Hong Kong : Bas les masques

A Hong Kong, le 70ème anniversaire de la RPC virait au scénario catastrophe le 1er octobre. Alors que la police se préparait à des scènes de chaos, les manifestants appelaient à une journée symbolique de « deuil national ». Un bien mauvais présage, puisque ce jour-là, pour la première fois depuis le début de la crise il y a quatre mois, un lycéen recevait une balle en pleine poitrine, après que son groupe ait attaqué des policiers à la barre de fer. Ses jours ne sont plus en danger, mais la réponse du gouvernement de la RAS était celle de la fermeté : le jeune sera poursuivi en justice pour agression d’un représentant des forces de l’ordre et risque jusqu’à dix ans de prison.

La violence qui agite Hong Kong est le fruit d’une certaine exaspération des protestataires face aux autorités qui restent aux abonnés absents face à des actions pacifiques. Ils sont convaincus qu’ils ont obtenu le retrait définitif de la loi d’extradition grâce à leurs actions violentes. Mais l’aspect le plus préoccupant de cette crise est que cette violence est perpétrée par la jeunesse hongkongaise. Or c’est elle qui constitue le futur de la RAS.

En réponse aux déchainements des manifestants le 1er octobre, l’administration hongkongaise interdisait 72h plus tard le port de masques en invoquant une disposition légale d’urgence datant de l’époque coloniale.

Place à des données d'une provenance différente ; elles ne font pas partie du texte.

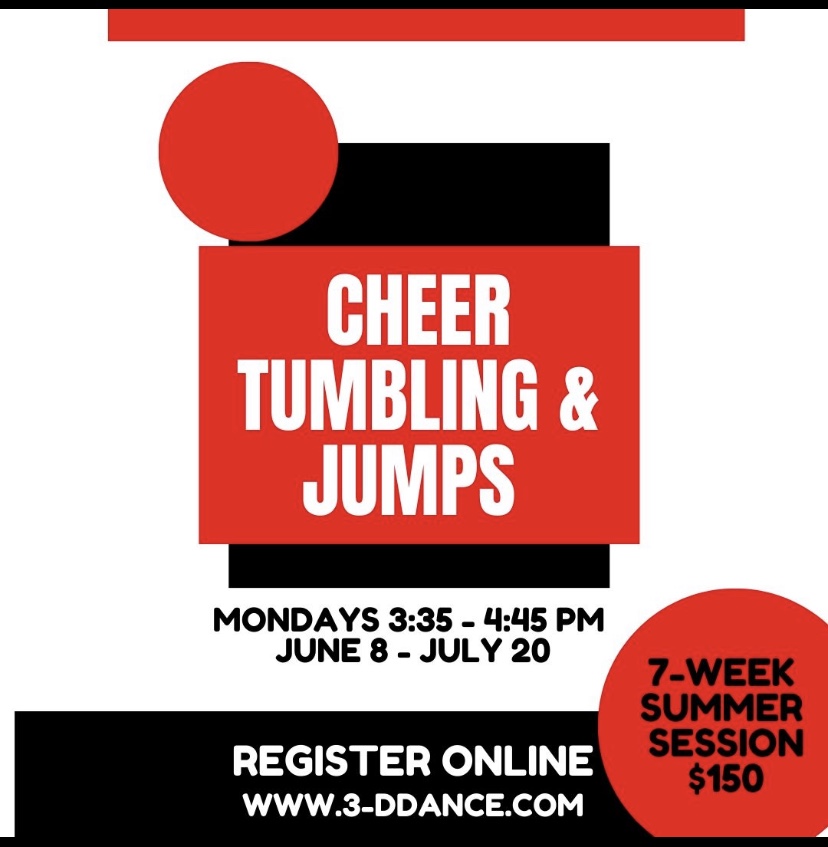Hello Cheer family! See msg from Coaches

3-D Dance is offering an amazing opportunity for our girls! This is not required, but I do highly suggest it if you're interested. If your child wants to make varsity next year, they MUST work on their jumps. I can't stress that enough!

Cet élément indispensable de l’attirail des manifestants leur permettait jusqu’alors de se protéger des gaz lacrymogènes mais surtout de cacher leur identité pour éviter d’éventuelles poursuites.

A Pékin, le gouvernement affichait son soutien à cette décision, affirmant que l’interdiction priverait les jeunes manifestants « qui se croient dans un jeu », de leur protection psychologique. Il avançait également pour sa défense que certains pays démocratiques comme la France, les USA, l’Allemagne ou le Canada, ont déjà pris des mesures similaires, à un moment ou à un autre.

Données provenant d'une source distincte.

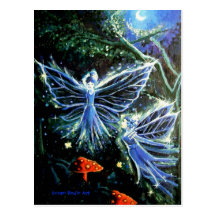 Blauer Mond-Feen - Postkarte
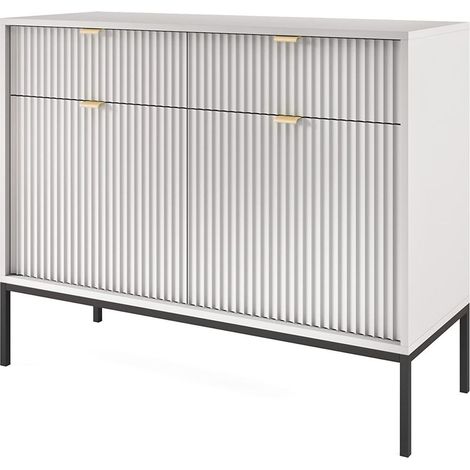 Cassettiera: 2 cassetti, 2 ante, Grigio, Nero, 104 x 83 x 39 cm, maniglie dorate (1/5)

Comme on pouvait s’y attendre, les contestataires bravaient cette interdiction, et sortaient toujours masqués en guise de provocation. Quatre jours après l’entrée en vigueur du ban, 16 manifestants étaient officiellement poursuivis pour cette infraction.

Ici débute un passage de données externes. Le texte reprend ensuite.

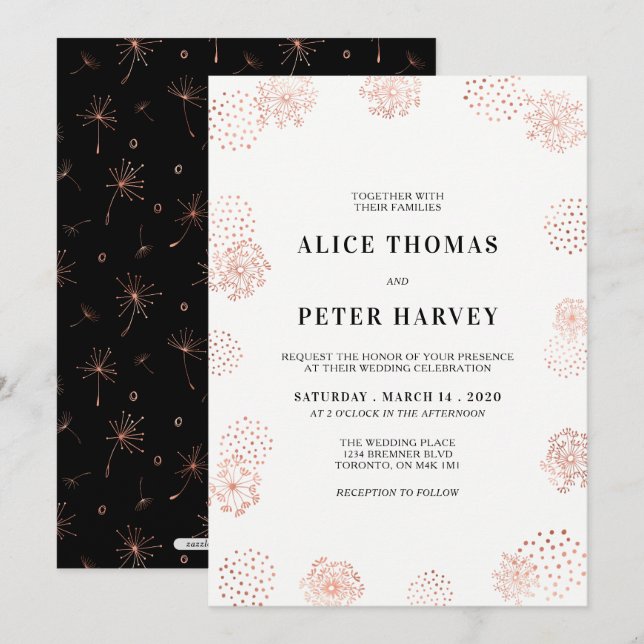 Invitation Cuivre et noir | Cérémonie Mariage moderne chic (Devant / Derrière)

Le 7 octobre, la cheffe de l’exécutif déclarait qu’elle chercherait à obtenir le soutien du Parlement local, le « Legco », dès sa reprise le 16 octobre. Elle ajoutait que son administration n’avait aucune intention d’utiliser ses pouvoirs d’urgence pour d’autres mesures. Pourtant le même jour, un politicien hongkongais du camp pro-pékin affirmait à la radio que l’option de couper le réseau internet n’était pas exclue.

Toutefois, Carrie Lam semble dépassée par les évènements : son retrait tardif de la fameuse loi d’extradition n’a pas mis fin aux protestations, et ses mesures répressives risquent de radicaliser davantage les franges extrêmes. Si elle poursuit sur cette voie dure, l’île risque de s’enferrer dans la violence. Elle a pourtant tenté la médiation en organisant fin septembre, un dialogue direct avec 150 citoyens sélectionnés parmi 20 000 volontaires. Mais cette séance tournait court au vu des nombreuses critiques ayant fusé et qui trahissent une réelle perte de confiance de la population envers son gouvernement, mais aussi envers la police. En effet, l’une des demandes répétées des manifestants est celle d’une enquête menée par un organisme indépendant sur les violences policières des 18 dernières semaines. Une exigence que beaucoup considèrent comme une possible sortie de crise, si Carrie Lam y accédait.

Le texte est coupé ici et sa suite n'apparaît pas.